**THE PROBLEM**. Output the lines of the listing below exactly, starting at the line containing "Ipw-45sa 45w Pd" and stopping after the last line, with any pictures dropped.

**DATASET SECTION**.
★ ★ ★

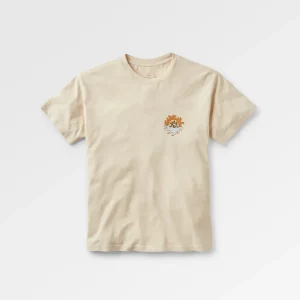 T-shirt en coton recyclé pour hommes Dune - Birch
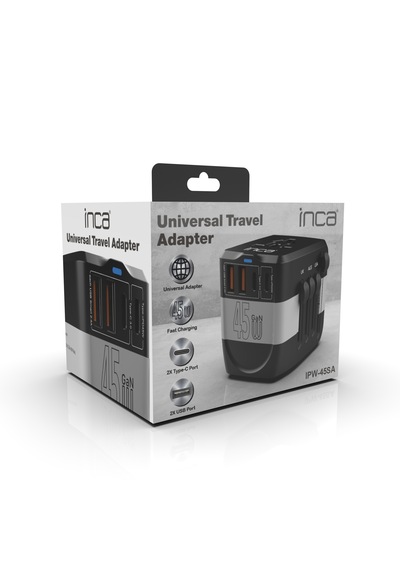 Ipw-45sa 45w Pd Hızlı Şarjlı Universal Seyahat Adaptörü 150+ Ül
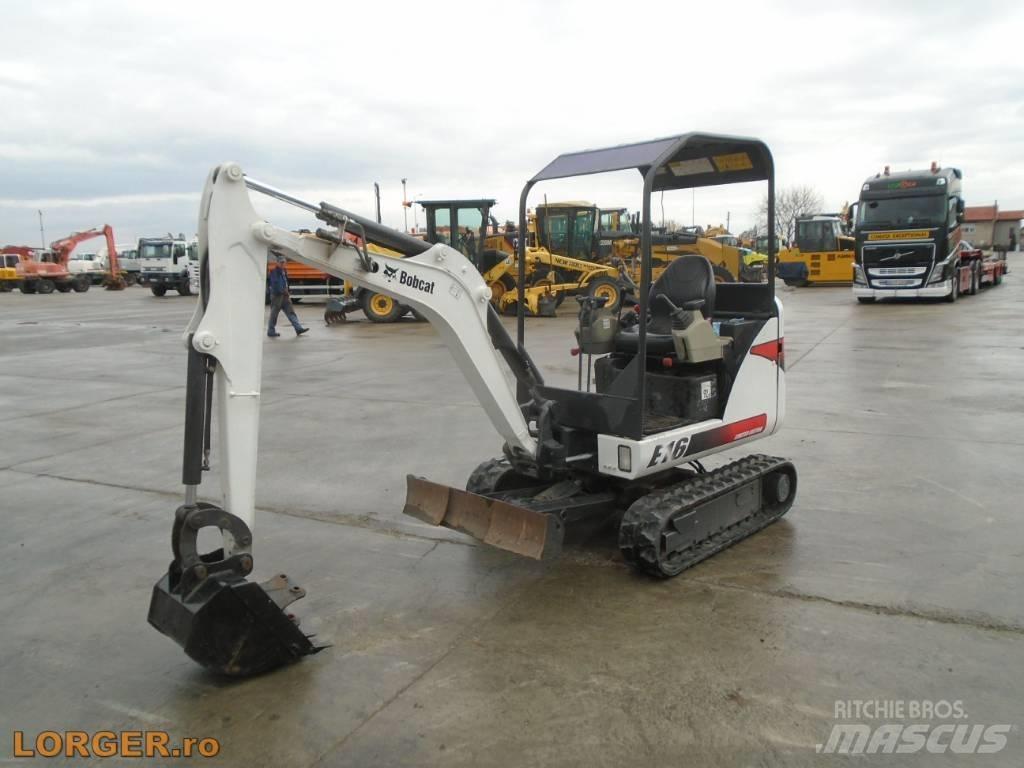 Bobcat E 16 Mini rýpadlá < 7t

★ ★ ★

**SOLUTION**.
 Ipw-45sa 45w Pd Hızlı Şarjlı Universal Seyahat Adaptörü 150+ Ül
 Bobcat E 16 Mini rýpadlá < 7t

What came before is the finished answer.